# ILR processing times



## lostinscotland (Jan 7, 2011)

Hiyas,

I'm set to apply for my ILR visa at the end of Feb as it expires March 17th. I'm all scheduled to take the Life in the UK test as well.

Does anyone know how long they are taking to process just now? I'm really upset because we're supposed to travel back to California in June for my son's first birthday. None of my family have met him yet and I'm really worried!
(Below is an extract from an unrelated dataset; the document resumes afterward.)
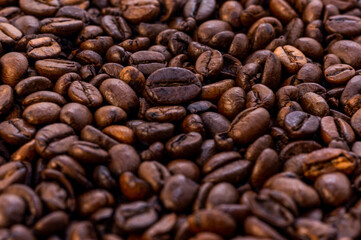 Coffee beans background. Grão de café. Fullframe shot of fresh roastend coffee beans zoom in. Aromatic brown textured seeds on background from close up. Black energy structured grain on backdrop.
I know the site says it can take up to six months, but I'm hoping to find a definite answer somewhere! We haven't booked our flights yet, but I want to know if still planning for June is futile.

Thanks!


----------



## nyclon (Apr 3, 2011)

Have you considered going for an in person appointment? Also, it's not a good idea to book any travel before actually receiving the visa/ILR.


----------



## lostinscotland (Jan 7, 2011)

We just don't have the extra money to go in person . It's £1350 for in person now and £972 by post. We just can't afford it. We're barely getting the £972 together .


----------



## nyclon (Apr 3, 2011)

I don't think there is a definitive answer unfortunately, other than it could take up to 6 months by post. Other than that it depends on staffing and how many applications are received to be processed. There is probably a backlog now due to the Christmas holidays. But, something to think about that isn't going to ease your worry: there are big changes expected in April, so it's expected that lots of people will be trying to get their applications in for various visas ahead of those changes which will undoubtably increase processing times.

Sorry, I know that's not the news you were looking for.


----------



## lostinscotland (Jan 7, 2011)

I'll just have to talk to my husband. We may just have to scrape up the money and go for premium. It's the only way I can assure that we'll go in June. Ugh. I hate the cost! It's so much for something so simple!


----------



## Joppa (Sep 7, 2009)

Latest processing time for ILR postal application is 14-16 weeks on average, though a few lucky ones get it in 10 weeks and others have to wait 20+ weeks.

I suggest you scrape money together to go for premium service - even get a bank overdraft, it's well worth it!


----------